__RECORDS PROVIDED__.
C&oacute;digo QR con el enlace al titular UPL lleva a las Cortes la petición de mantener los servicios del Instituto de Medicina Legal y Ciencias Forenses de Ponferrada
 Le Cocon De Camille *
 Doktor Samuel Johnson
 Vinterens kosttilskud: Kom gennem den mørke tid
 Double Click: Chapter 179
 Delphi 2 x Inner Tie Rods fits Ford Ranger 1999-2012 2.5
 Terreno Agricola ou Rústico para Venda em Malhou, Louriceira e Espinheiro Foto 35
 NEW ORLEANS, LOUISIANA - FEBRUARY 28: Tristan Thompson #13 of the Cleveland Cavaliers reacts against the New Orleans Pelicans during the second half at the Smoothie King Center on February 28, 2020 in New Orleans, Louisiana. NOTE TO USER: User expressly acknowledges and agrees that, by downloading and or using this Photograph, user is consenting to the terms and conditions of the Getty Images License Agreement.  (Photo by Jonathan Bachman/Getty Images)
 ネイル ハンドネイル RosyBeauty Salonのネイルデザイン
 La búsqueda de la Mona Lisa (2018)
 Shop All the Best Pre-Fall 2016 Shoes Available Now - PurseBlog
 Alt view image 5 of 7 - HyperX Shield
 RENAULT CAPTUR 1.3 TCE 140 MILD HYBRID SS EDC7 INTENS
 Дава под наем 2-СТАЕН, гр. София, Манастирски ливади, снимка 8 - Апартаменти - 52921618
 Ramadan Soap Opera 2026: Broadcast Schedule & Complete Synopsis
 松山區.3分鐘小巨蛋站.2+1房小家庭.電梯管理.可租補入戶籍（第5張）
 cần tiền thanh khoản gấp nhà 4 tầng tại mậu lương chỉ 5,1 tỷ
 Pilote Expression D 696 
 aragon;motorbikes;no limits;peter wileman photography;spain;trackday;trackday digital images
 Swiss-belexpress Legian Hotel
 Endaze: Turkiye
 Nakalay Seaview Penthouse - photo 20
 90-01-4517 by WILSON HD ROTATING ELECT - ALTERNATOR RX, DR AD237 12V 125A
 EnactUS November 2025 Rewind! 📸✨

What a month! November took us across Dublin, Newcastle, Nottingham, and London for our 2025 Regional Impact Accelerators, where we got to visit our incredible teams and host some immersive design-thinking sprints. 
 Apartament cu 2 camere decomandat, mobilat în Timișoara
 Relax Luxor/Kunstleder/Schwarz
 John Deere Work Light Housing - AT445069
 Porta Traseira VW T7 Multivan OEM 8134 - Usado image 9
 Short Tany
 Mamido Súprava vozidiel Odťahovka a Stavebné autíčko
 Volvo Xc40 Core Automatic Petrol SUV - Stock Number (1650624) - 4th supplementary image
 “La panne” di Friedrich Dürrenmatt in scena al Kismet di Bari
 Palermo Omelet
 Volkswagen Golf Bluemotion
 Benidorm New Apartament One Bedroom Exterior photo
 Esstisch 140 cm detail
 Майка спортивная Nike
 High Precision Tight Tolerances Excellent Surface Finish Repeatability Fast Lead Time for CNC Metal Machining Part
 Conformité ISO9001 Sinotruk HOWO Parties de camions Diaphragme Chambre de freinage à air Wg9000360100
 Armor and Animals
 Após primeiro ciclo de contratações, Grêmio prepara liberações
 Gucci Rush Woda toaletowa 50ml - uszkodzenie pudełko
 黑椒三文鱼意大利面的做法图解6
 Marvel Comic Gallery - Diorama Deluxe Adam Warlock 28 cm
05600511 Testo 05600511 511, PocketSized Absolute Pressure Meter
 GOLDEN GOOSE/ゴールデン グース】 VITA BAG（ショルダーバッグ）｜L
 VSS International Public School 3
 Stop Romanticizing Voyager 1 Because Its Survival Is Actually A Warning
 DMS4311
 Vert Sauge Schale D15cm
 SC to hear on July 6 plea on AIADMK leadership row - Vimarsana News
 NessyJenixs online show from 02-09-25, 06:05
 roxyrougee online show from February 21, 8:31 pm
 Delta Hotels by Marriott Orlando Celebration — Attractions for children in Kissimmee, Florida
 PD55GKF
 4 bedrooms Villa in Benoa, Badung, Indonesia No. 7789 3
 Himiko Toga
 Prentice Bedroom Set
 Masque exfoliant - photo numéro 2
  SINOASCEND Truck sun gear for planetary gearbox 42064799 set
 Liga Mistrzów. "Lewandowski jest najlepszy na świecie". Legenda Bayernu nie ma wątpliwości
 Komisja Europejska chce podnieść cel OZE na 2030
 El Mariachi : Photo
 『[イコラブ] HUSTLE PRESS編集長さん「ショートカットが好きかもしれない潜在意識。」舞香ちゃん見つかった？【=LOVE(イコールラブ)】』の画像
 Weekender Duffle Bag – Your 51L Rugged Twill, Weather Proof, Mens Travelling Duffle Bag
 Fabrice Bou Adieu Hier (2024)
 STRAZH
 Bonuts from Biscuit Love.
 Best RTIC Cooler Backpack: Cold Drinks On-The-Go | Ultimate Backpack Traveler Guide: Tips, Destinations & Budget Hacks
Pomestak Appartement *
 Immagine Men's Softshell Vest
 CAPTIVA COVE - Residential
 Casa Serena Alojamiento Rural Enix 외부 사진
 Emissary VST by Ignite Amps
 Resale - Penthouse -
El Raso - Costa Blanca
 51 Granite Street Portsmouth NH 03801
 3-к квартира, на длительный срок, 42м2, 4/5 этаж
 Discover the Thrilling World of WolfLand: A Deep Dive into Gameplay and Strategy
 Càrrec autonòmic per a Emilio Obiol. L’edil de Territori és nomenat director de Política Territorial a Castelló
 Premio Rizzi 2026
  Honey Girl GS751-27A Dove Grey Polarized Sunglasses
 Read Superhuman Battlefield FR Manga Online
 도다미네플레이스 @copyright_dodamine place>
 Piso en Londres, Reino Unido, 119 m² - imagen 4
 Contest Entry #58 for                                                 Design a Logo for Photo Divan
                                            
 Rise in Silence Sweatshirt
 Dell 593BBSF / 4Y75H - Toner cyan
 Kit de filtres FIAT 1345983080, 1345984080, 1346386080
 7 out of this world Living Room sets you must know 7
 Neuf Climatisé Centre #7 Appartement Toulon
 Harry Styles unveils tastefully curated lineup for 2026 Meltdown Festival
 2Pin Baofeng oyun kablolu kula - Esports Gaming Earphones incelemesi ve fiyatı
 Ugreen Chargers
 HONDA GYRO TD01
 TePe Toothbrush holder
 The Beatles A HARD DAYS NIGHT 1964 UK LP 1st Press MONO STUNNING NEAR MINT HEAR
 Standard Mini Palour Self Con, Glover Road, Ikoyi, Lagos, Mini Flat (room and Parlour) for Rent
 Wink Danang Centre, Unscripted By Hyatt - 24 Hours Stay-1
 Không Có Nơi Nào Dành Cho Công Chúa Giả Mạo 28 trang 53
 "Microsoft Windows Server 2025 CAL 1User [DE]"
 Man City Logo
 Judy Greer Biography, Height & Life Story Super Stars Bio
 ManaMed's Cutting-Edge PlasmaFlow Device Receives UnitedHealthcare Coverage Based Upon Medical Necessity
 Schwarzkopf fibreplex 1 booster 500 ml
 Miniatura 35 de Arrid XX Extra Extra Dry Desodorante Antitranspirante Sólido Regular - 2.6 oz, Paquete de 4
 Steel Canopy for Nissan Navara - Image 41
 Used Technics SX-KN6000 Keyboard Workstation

__TASK GOAL__.
Filter the listing above by the word "Apartament"; copy each line that passes.

__RESPONSE TO THIS TASK__.
 Apartament cu 2 camere decomandat, mobilat în Timișoara
 Benidorm New Apartament One Bedroom Exterior photo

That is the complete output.